# NFT Help Needed



## jrobertson (Feb 6, 2007)

when you are doing ebb and flow, or flood and drain what is the normal flushing times? Once a month or? The plants look healthy and are growing like crazy, they average 9 to ten inches in height, I am doing this by hand. I use fresh ferts, flora nova green, as they have been in the veg stage since the 17th of january, and the ph 5-5,or 5-7, the leaves look good except one plant that has a couple of leaves that look as if they are starting to pucker a bit and they are the new growth. Any comments would be grately appreciated. thanks jr


----------



## jrobertson (Feb 6, 2007)

I hope I put this in the right section.


----------



## MJ20 (Feb 7, 2007)

Some guys on here say they flush once every 10 days or more.Don't quote me on this (I can't find the thread) but SB talked about the system being able to go for a long time without flush.I kinda gather (from the post that I saw and can't find>again>i can't remember some of it) that he meant you can run it for atleast 15 days without flush


----------



## Stoney Bud (Feb 7, 2007)

jrobertson said:
			
		

> when you are doing ebb and flow, or flood and drain what is the normal flushing times? Once a month or?

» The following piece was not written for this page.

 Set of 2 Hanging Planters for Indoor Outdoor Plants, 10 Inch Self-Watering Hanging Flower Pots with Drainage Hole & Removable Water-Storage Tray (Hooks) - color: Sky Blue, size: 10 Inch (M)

It all depends on usage of your nutrient solution.

I design my units so that the nutrients are used fast enough not to require any flushing ever.

The key is if your nutes are more than 30 days old. If you add enough fresh nutrient solution to the reservoir to turn the entire batch around within 30 days, then flushing would be a waste of time and money.

However, if there is an appreciable amount of solution that grows older than 30 days, you should flush each 30 days and fill the entire reservoir with fresh solution.

I have two questions for you:

1. How many gallons does your reservoir hold?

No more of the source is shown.